• _EXERCISE DETAILS_
Leave out every picture and set down, exactly, the lines below from the one holding "北京免费看展·Valentino再诠释·重量级高定时装展" up to and including the one holding "Opus Miva modern".

• _DATA FOR PROCESSING_
● ● ●
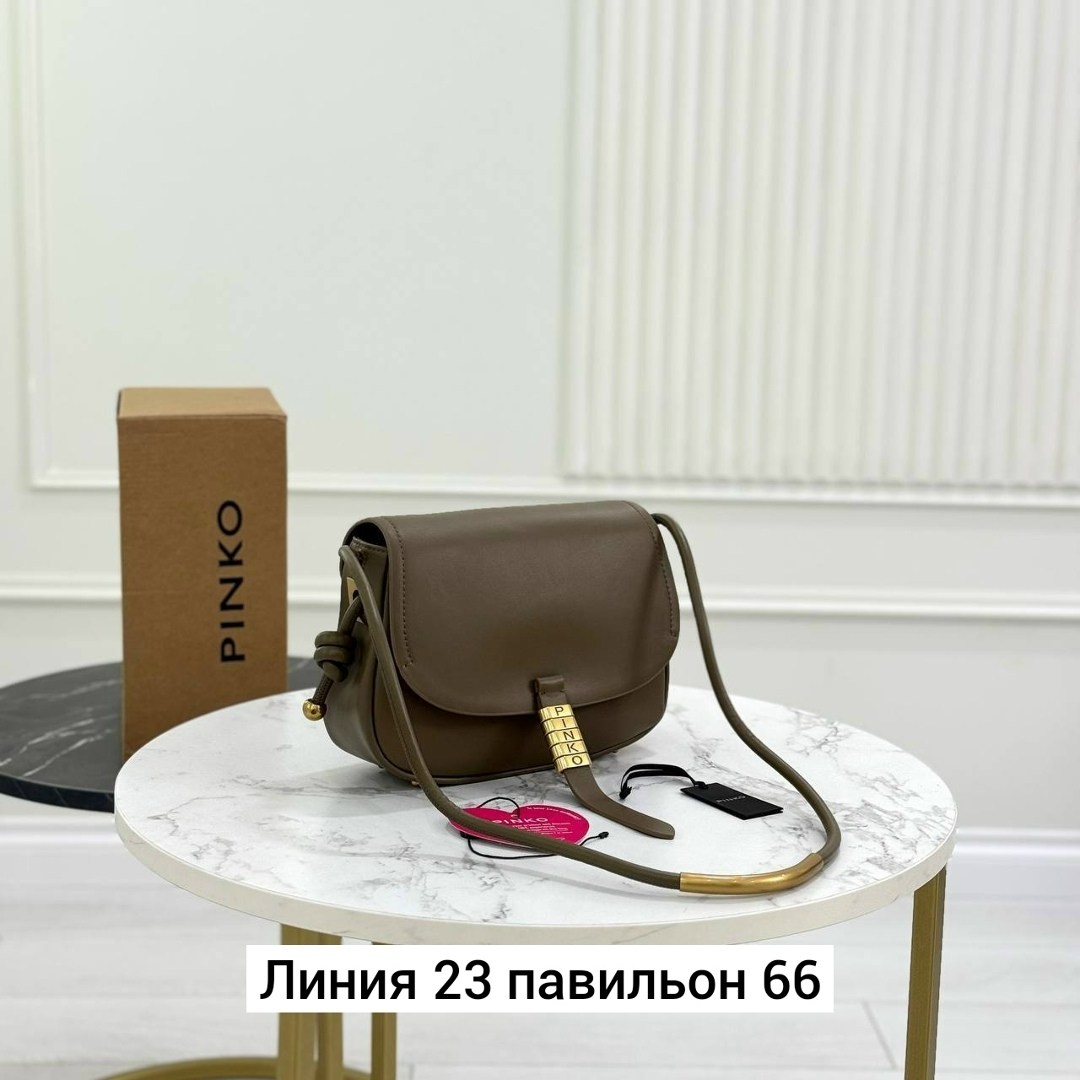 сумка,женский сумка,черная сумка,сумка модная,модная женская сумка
● ● ●
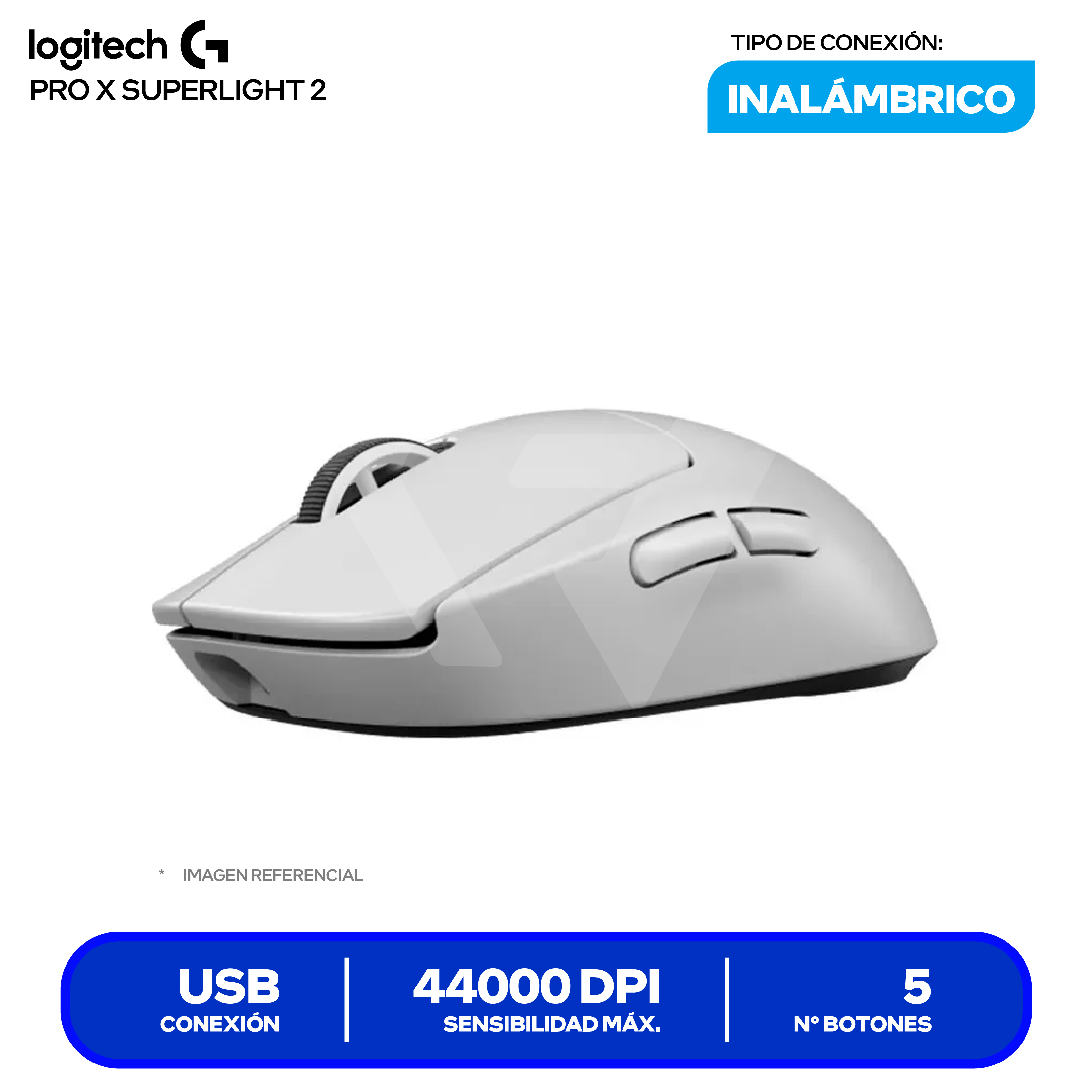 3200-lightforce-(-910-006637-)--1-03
● ● ●
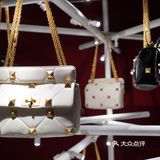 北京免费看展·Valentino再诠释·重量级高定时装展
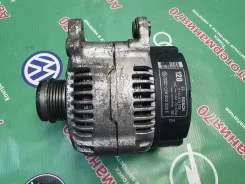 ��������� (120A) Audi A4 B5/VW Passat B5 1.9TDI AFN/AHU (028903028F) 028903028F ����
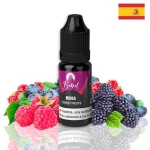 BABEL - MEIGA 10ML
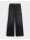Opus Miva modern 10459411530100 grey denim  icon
● ● ●
• _COMPLETED TASK_
 北京免费看展·Valentino再诠释·重量级高定时装展
 ��������� (120A) Audi A4 B5/VW Passat B5 1.9TDI AFN/AHU (028903028F) 028903028F ����
 BABEL - MEIGA 10ML
Opus Miva modern 10459411530100 grey denim  icon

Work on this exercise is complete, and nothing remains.